The Sydney Thunder currently lack an Australian Twenty20 bowler but their attack is ready to fire against some of the best batters in the Women's Big Bash League finals.
While the Thunder's top-order is laden with international stars, veteran Rene Farrell and West Indian allrounder Stefanie Taylor are the only members of the bowling group for Thursday's semi-final against the Scorchers with any international Twenty20 experience.
That is not the case for their finals' opposition though with the Sydney Sixers (five), Adelaide Strikers (five) and Perths (three) boasting tremendous depth.
Despite the numbers the Thunder enter the finals with the best bowling net run-rate component of all clubs, having gone at just 6.47 an over on their way to finishing second.
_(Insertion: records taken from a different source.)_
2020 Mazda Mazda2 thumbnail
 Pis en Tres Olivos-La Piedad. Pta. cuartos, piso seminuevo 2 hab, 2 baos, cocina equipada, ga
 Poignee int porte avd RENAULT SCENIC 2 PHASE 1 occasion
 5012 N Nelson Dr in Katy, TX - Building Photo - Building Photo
"From the outside, I can see that people thought we had some young players in the group," vice-captain Rachael Haynes said.
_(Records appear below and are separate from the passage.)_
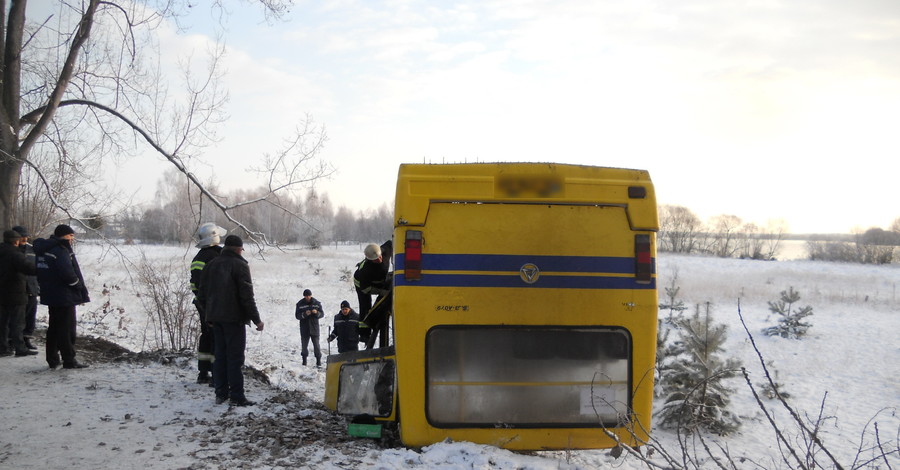 Большинство пострадавших в аварии маршрутки под Львовом врачи отпустили домой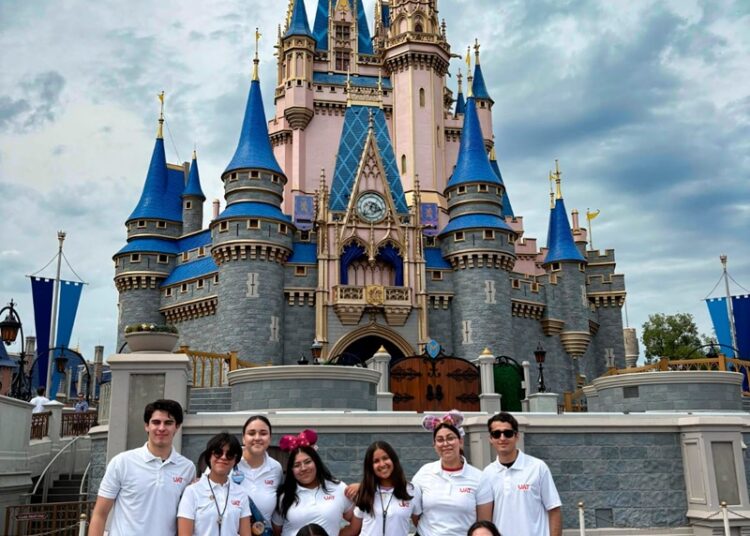 La ‘UAT’: “única universidad pública del país en convenio con Disney”
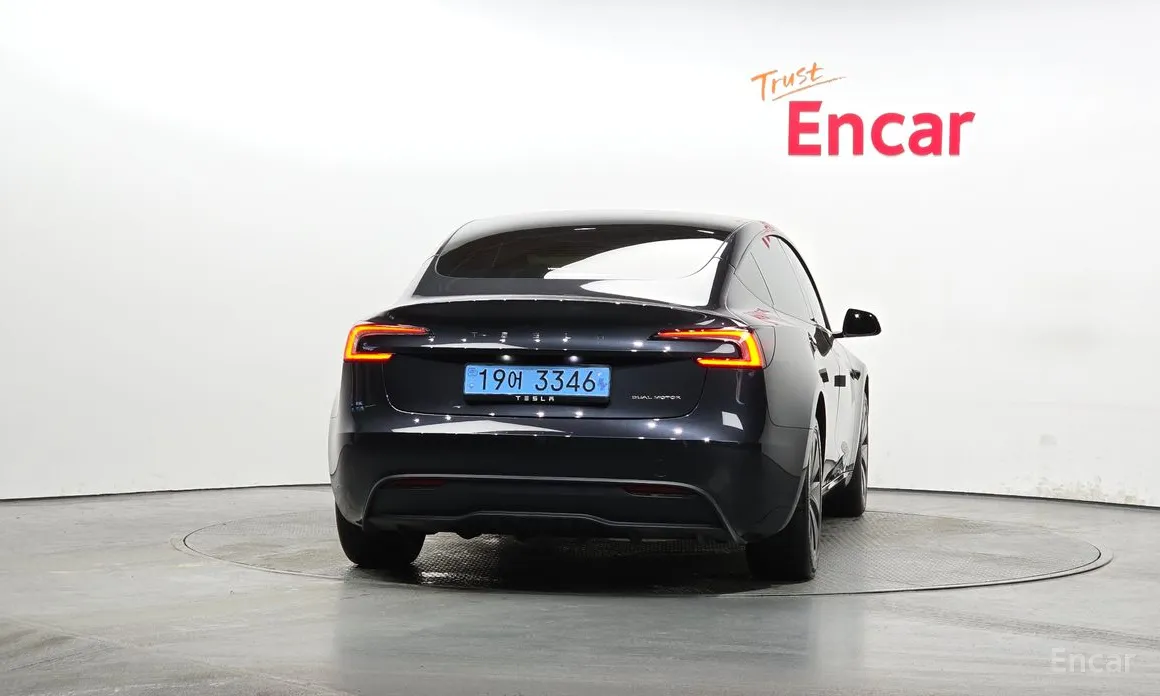 Фото 4 - Tesla Model 3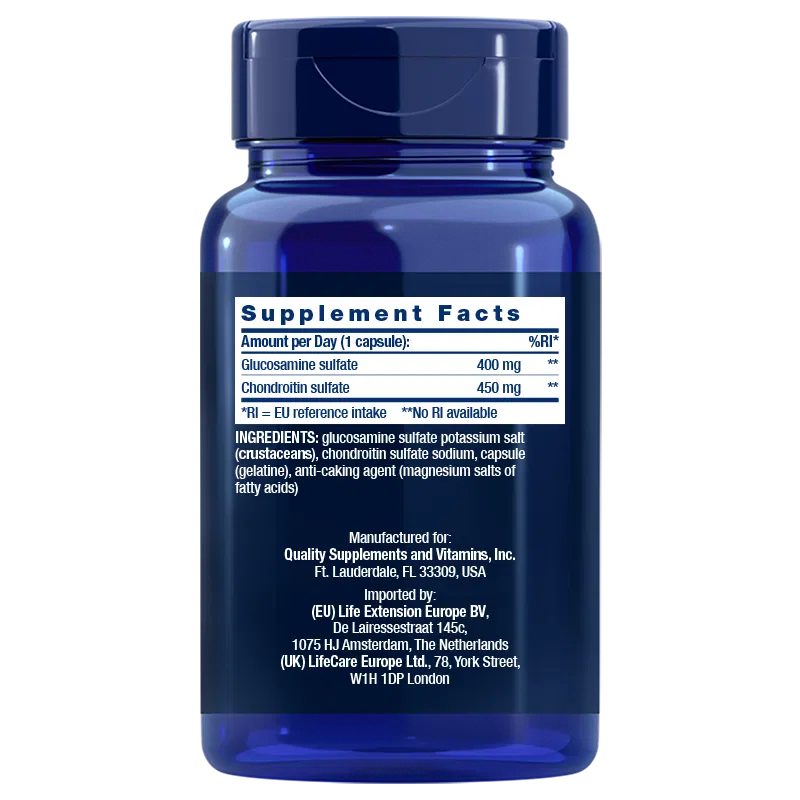 Life Extension Glucosamine/Chondroitin Capsules; sininen ravintolisäpullo valkoisella etiketillä, jossa näkyy ravintosisältötiedot ja ainesosat glukosamiinisulfaatille, kondroitiinisulfaatille sekä valmistajan ja jakelijan lisätiedot alaosassa; muovipullo on sylinterinmuotoinen kiiltäväpinnalla; etiketissä mustaa groteskitekstiä valkoisella pohjalla, osiot erotettu viivoin; tausta yhtenäisen valkoinen, ei käsiä tai ihmisiä näkyvissä; kuva otettu suoraan edestä tiiviisti rajattuna tuotteen ympärille.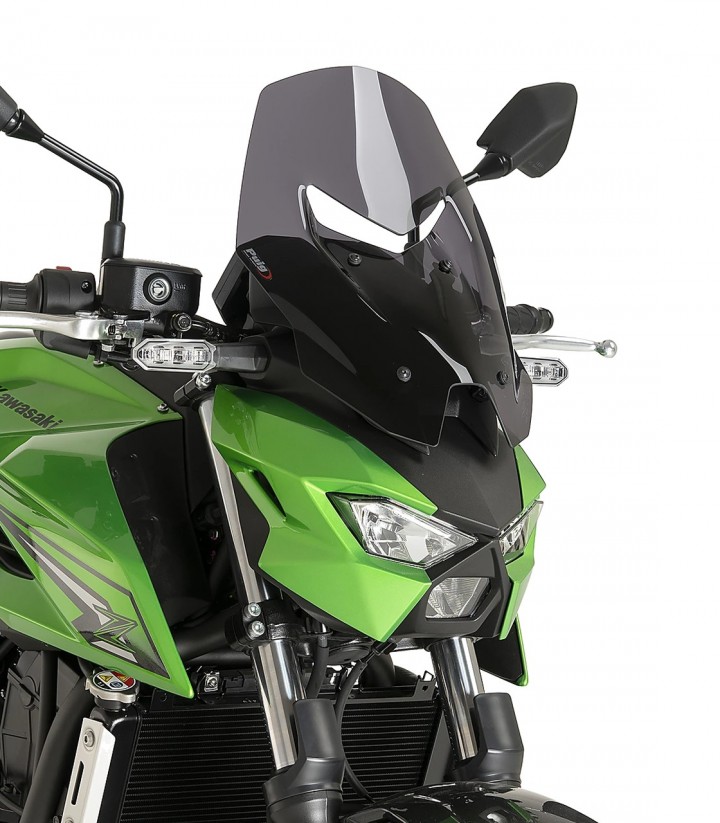 Windschild Puig New Generation Touring Kawasaki Z650S (26) Dunkel getönt 23036F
"But at every opportunity, they've definitely stood up in big moments.
"We've had some players really stand up and we've known how talented they've been for a while now being in the NSW system."
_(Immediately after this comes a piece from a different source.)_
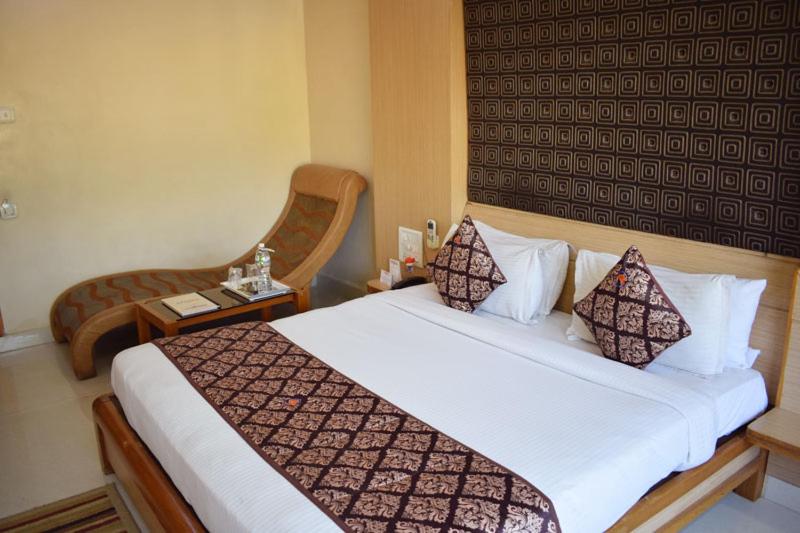 اتاق لوکس, Mangalam  Bhuj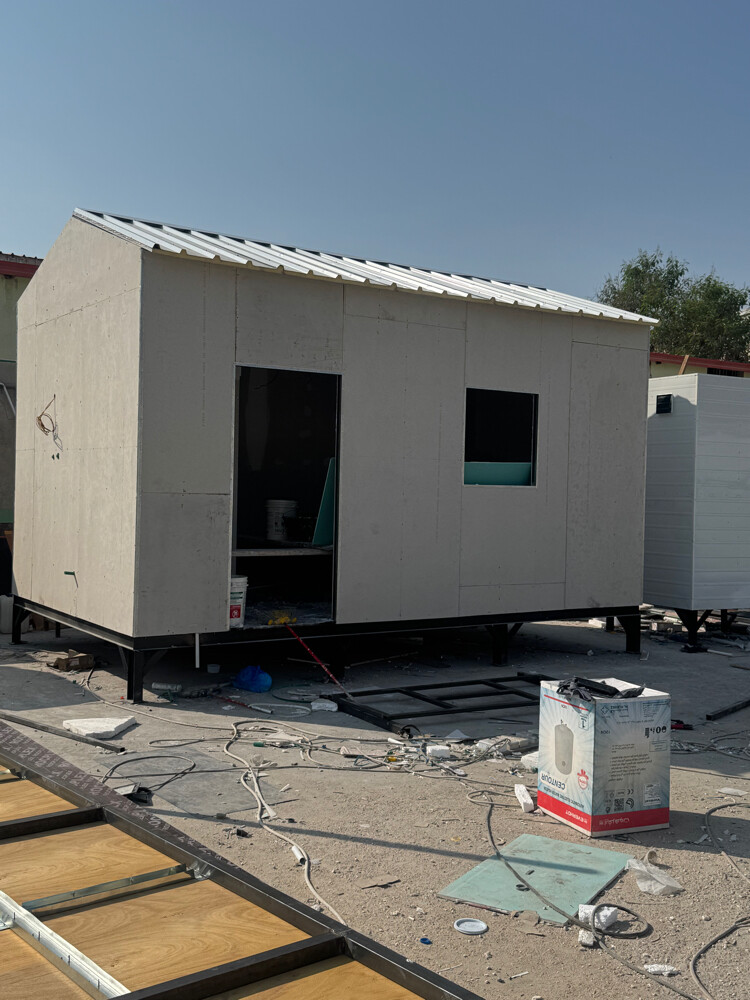 PORTA CABIN CARAVAN - 2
Key to the Thunder's attack is their multitude of medium pacers, none of whom have gone at more than seven an over this season.
Youngster Belinda Vakarewa is their quickest, Farrell swings the ball significantly while Nicola Carey has become far more threatening in recent years.
To complete their attack Taylor complements young spinners Maisy Gibson and Sam Bates.
"In terms of T20 cricket it's not how quick you can bowl but how you execute under pressure," Haynes said.
"Needing to bowl yorkers at the right time and take the pace off."
The Thunder have been forced to travel to Perth due to the men's schedule, despite having finished higher on the WBBL ladder.
But Haynes, who captained Australia through the Ashes, said the match was being played at Perth's new Optus Stadium meaning there was no real home-ground advantage.